Zara checked. 'Yes,' she said, trying to sound confident. 'We're here. Do you want to ring the bell?'

Hani shook her head. 'You do it.'

Zara didn't recognize the grim-faced blonde woman who answered the door. But it was hard not to notice that she was holding a flick knife and that there was blood on the blade.

Chapter Forty-seven

1st August

Hell didn't reside below any more than paradise resided above, whatever stories that child spun her rag dog. Hell was being suspended, like pain, between dirt and a darkening sky.

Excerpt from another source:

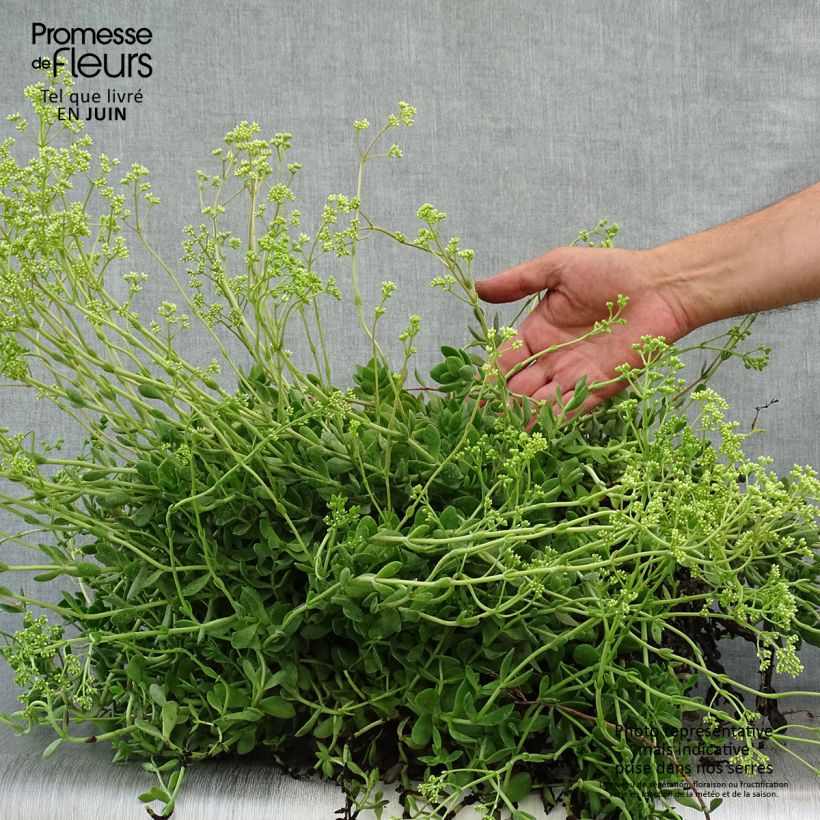 Crassula radicans Small Red 2L/3L pot sample as delivered in summer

Someone up there was screaming, but Raf kept telling himself it wasn't a voice he knew. A bloody cut disfigured his mouth where he'd chewed his bottom lip ragged with frustration. He wanted to climb higher, needed to. Because he had to follow the ballerina, but his arms would no longer work and his legs were far too busy holding him fast to pay too much attention to any orders his mind might send.

Raf wasn't afraid of heights. He'd never been afraid of heights. What he was afraid of was falling. Falling and flames. But above and beyond need and fear, what he really wanted to know was just where the fuck the fox had gone now ...

He was breaking into a spice house by levering himself up a narrow gap between the spice house and the facing wall of an adjoining suq: that was the theory, anyway. Proper climbers had a name for gaps like that. Only, proper climbers also carried equipment and, on the whole, didn't spend their entire lives terrified of falling from high places.

Sweat stained his shirt. He could feel the perspiration beneath his hair, under his arms and in his groin. A long slick of wet enamelling his spine.

Beyond scared, you reach a place that is almost beyond being ashamed. But only almost. Hani was up in that room, Zara too. From the moment Raf had recognized their voices he'd known that up there was where he had to be, desperately had to be, and only a memory of silver rain was stopping him.